Une doctorante en co-direction entre l’Université Cadi Ayyad de Marrakech et l’Université de Bordeaux (Bouchatta 2018) a injectée de la neurotoxine 6-OHDA à 100 souris âgées de 5 jours, pour en faire des modèles de TDAH (troubles de l’attention avec hyperactivité). « Après l’injection, 20% des souris lésées meurent avant le sevrage, alors que 60-80% développent une hyperactivité avec 50 à 70% de déplétion dopaminergique ». Après quoi, les souris étaient exposées à des tests sociaux et comportementaux pour vérifier qu’elles pouvaient être considérées comme des modèles de TDAH (hyperactivité, comportement anxieux et antisocial, impulsivité, etc.), puis on leur injectait du méthylphénidate, typiquement utilisé pour le traitement des TDAH. Après les tests, les souris ont été tuées pour récupérer leur cerveau, pour confirmer qu’elles étaient de bons modèles. 40 souris mâles supplémentaires ont alors été injectées pour étudier d’autres aspects comportementaux avant d’être tuées.

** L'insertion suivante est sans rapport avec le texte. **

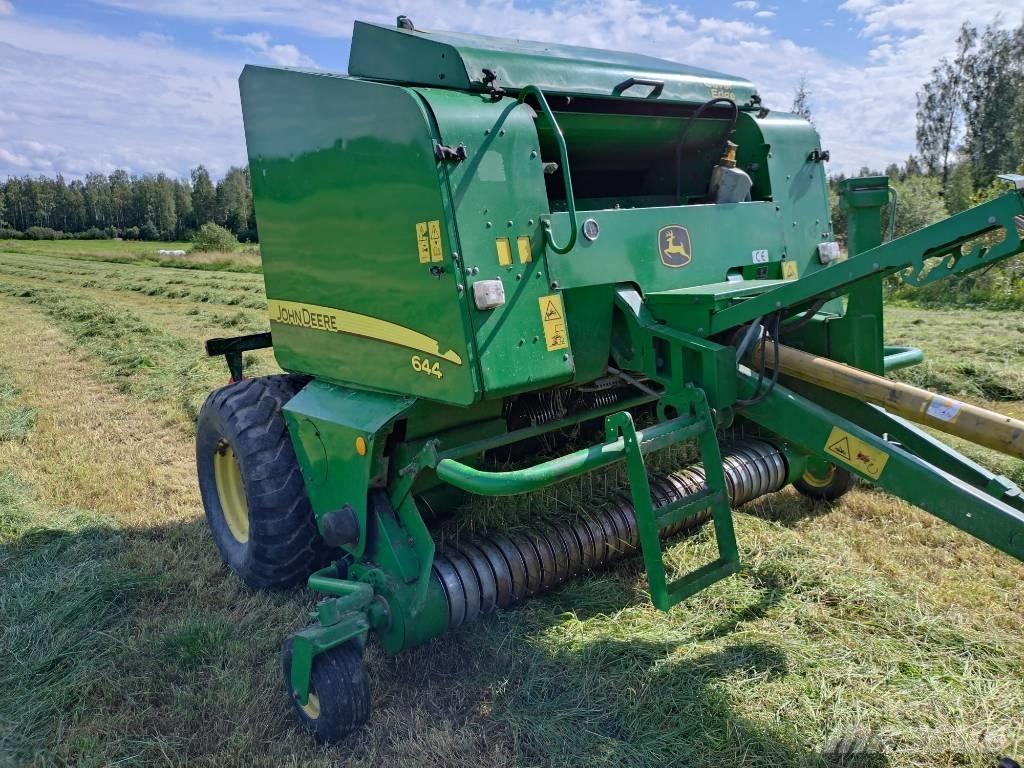 John Deere 644 Rotoempacadoras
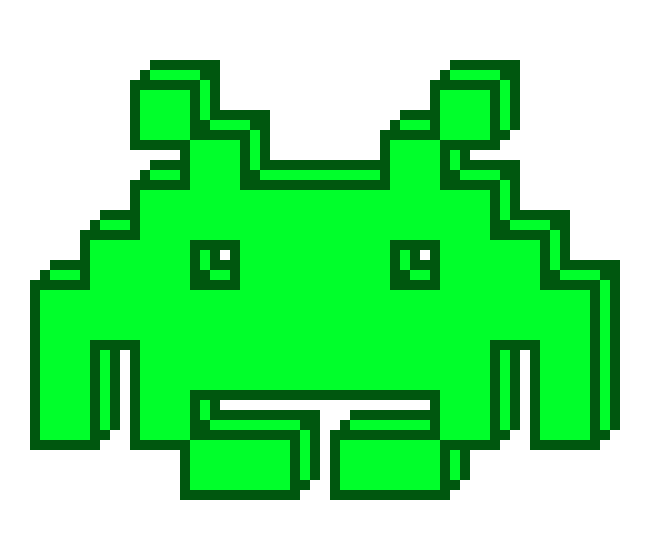 [ea4ee0] Space Invader Classic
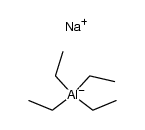 sodium tetraethylaluminate Structure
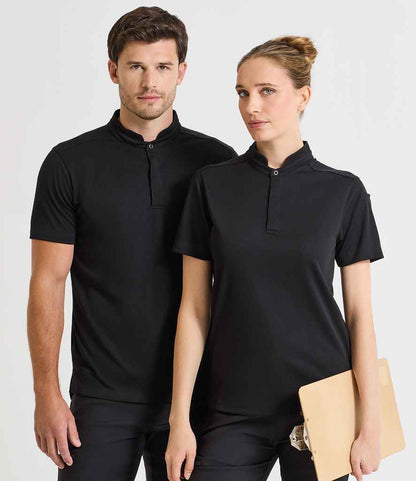 Premier Essential Coolchecker® Short Sleeve Chef's Shirt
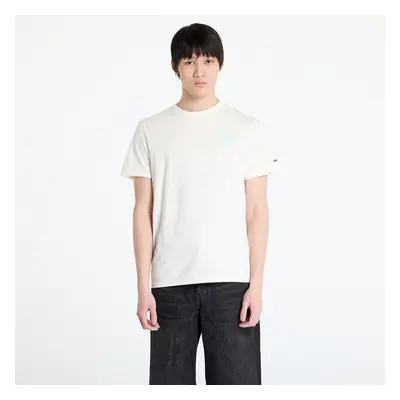 Tričko Tommy Jeans Slim Bubble Print Tee White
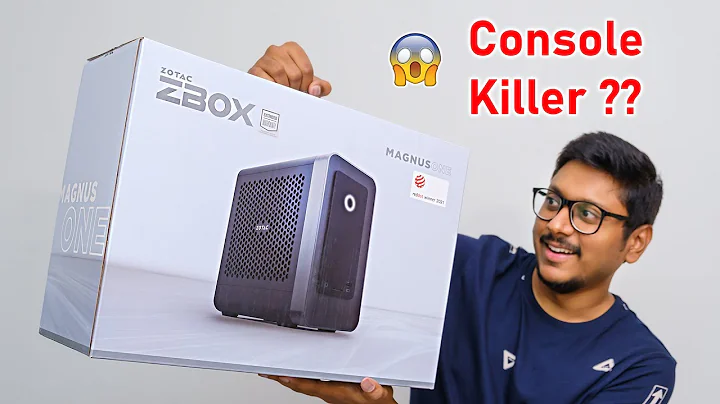 Zotac ZBOX: O Assassino de Consoles chegou? 😱🔥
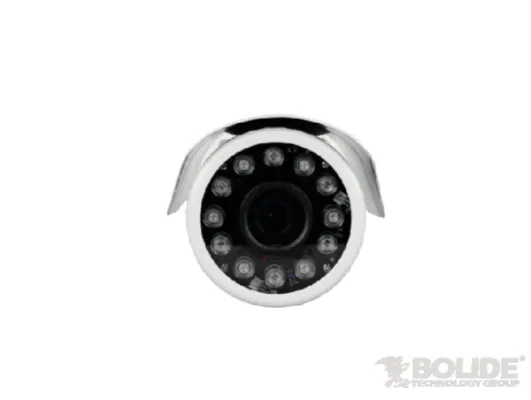 BOLIDE - BC1536M/22AHQ - 5.0MP AHD / TVI / CVI / Analog Bullet Camera, 1/3" CMOS, 6.0-22mm Motorized Varifocal Lens, IR Up to 200 ft., Control Over Coax, OSC, Quickswitch, 12VDC/24VAC Dual Voltage, White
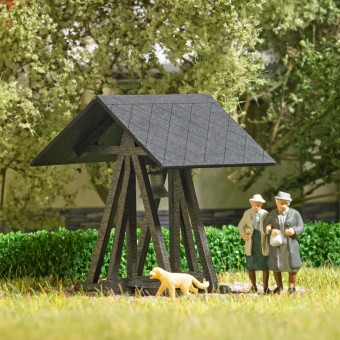 Busch 1857 Friedensglocke H0 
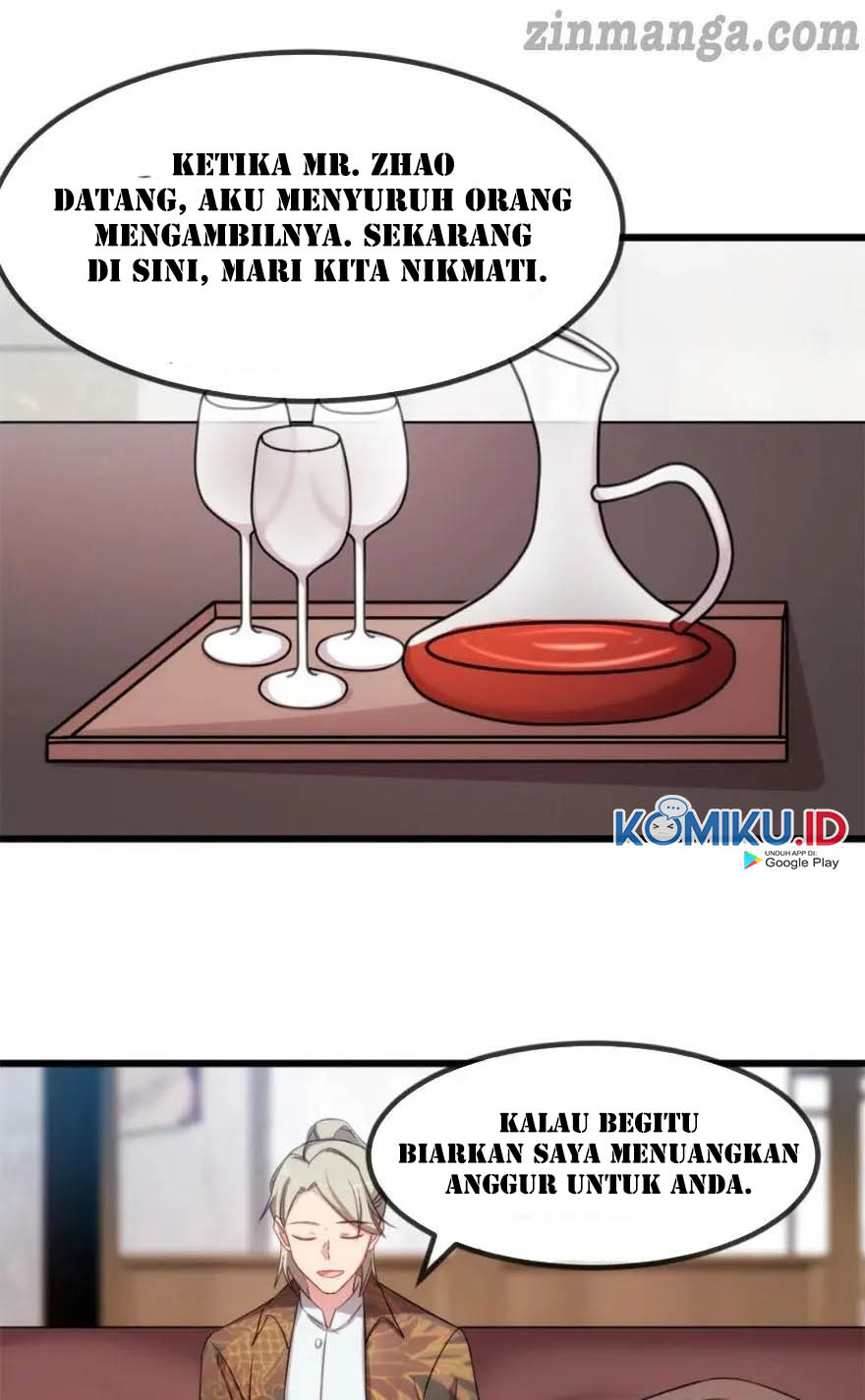CEO’s Sudden Proposal Chapter 276 - halaman 19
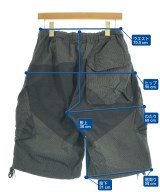 Mountain Research（マウンテン　リサーチ）ショートパンツ 黒 サイズ:M メンズ/2200724199068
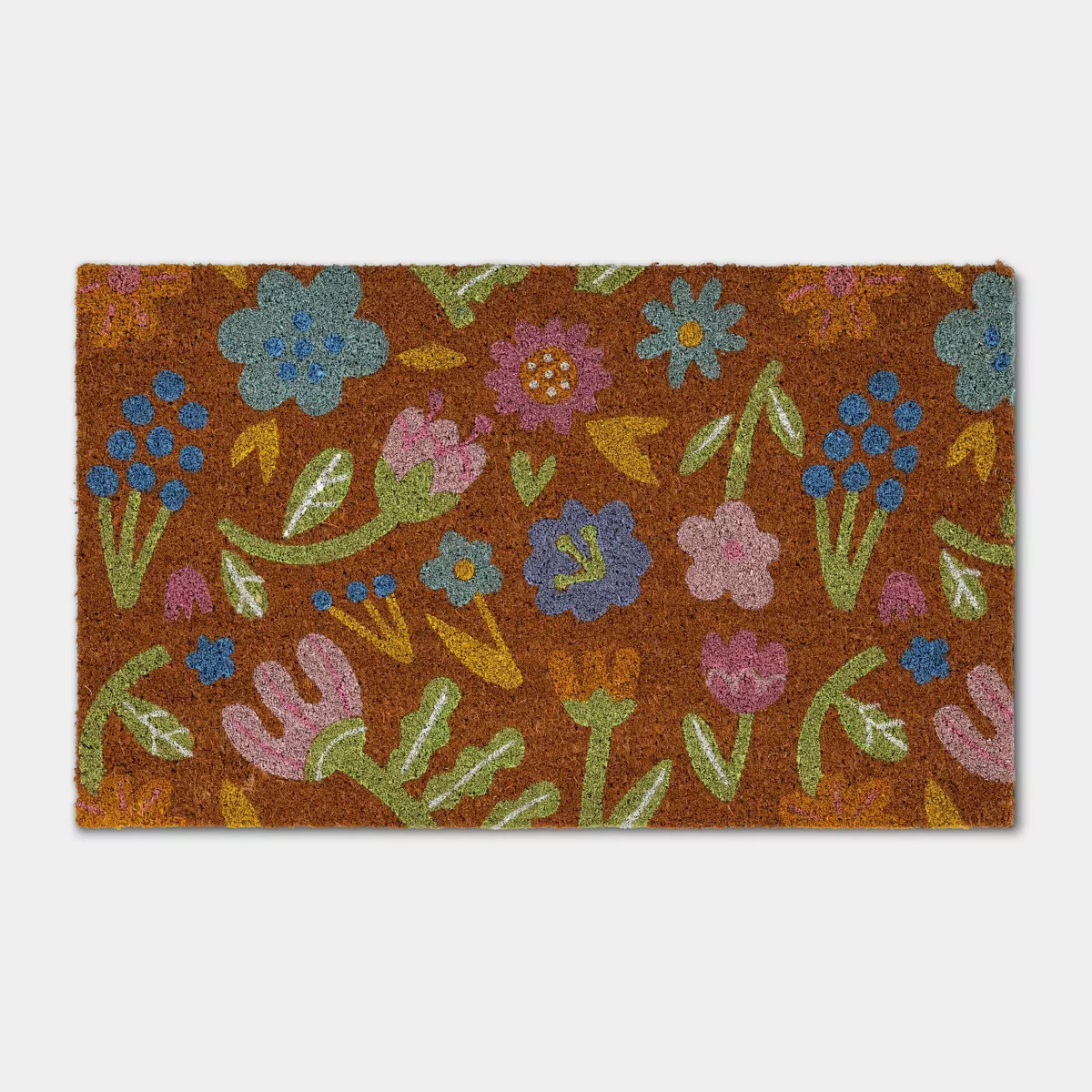 Easter Floral Coir Doormat - Room Essentials™ | Target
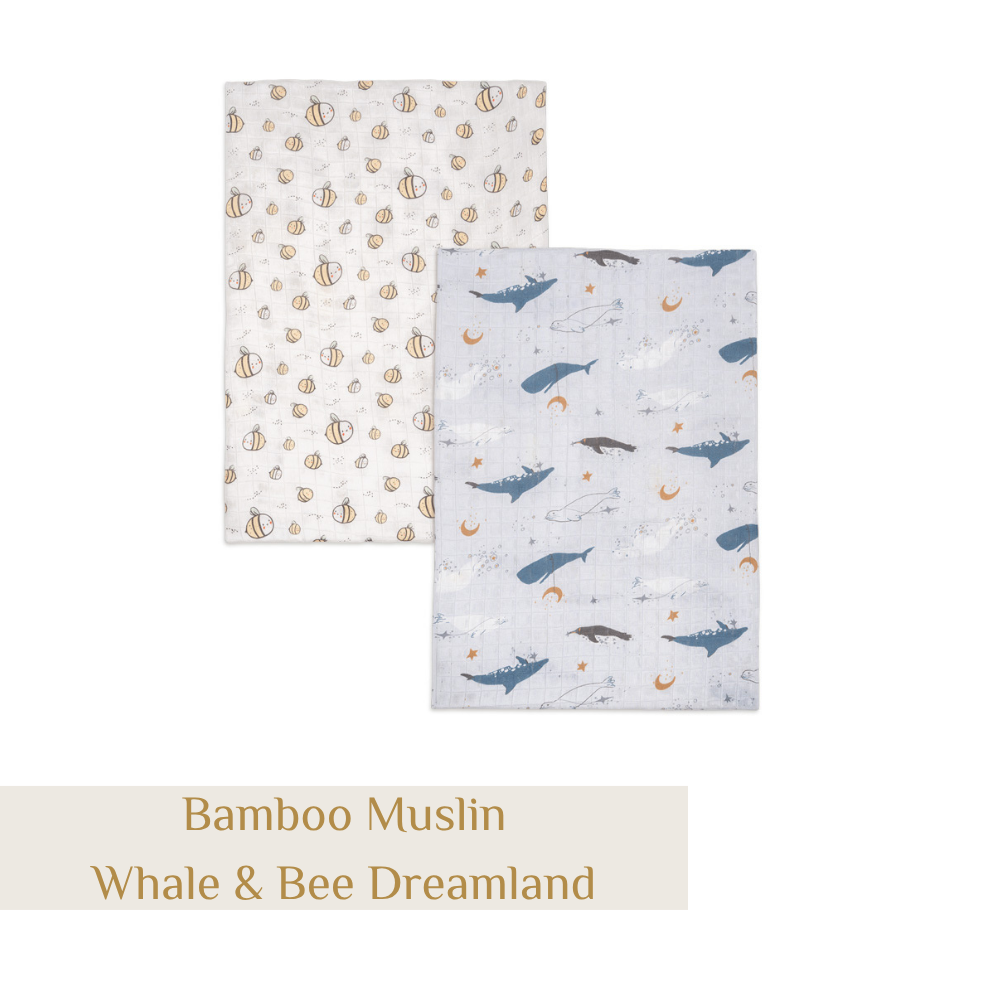Signature Bamboo Muslin Swaddle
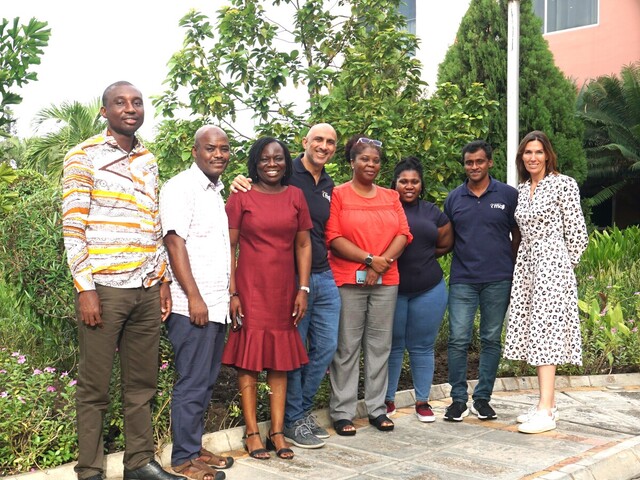 Project kick-off meeting in Accra, Ghana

120 nouvelles souris ont ensuite été utilisées pour étudier l’hypersensibilité à la douleur dans le cadre du TDAH avec des tests de seuils de douleur (en leur imposant des pressions croissantes sur la patte arrière ou une température élevée sous les pattes). Après injection de méthylphénidate et d’un anesthésiant, l’activité individuelle des neurones nocicepteurs des souris était étudiée, comme représenté sur l’illustration. Cela impliquait à nouveau d’imposer des stimuli douloureux aux souris, pour distinguer les neurones individuellement impliqués dans le traitement de la douleur. D’autres expériences de ce type sont décrites, avec de nouveaux « lots » de souris, au fil de la thèse. Toutes ces souris ont été tuées à la fin des expériences.

En guise de conclusion provisoire...

Ces expériences sont récentes, elles se passent près de chez nous, les personnes qui les pratiquent en défendent l’intérêt médical et/ou scientifique. Difficile pourtant de se dire que la vie de ces souris, de ces singes, et des autres animaux utilisés dans les laboratoires auraient tellement peu de valeur que l’on pourrait se permettre de les faire souffrir et de les tuer dans l’espoir d’une possibilité, d’une éventualité, d’améliorer la qualité de vie d’humain·es.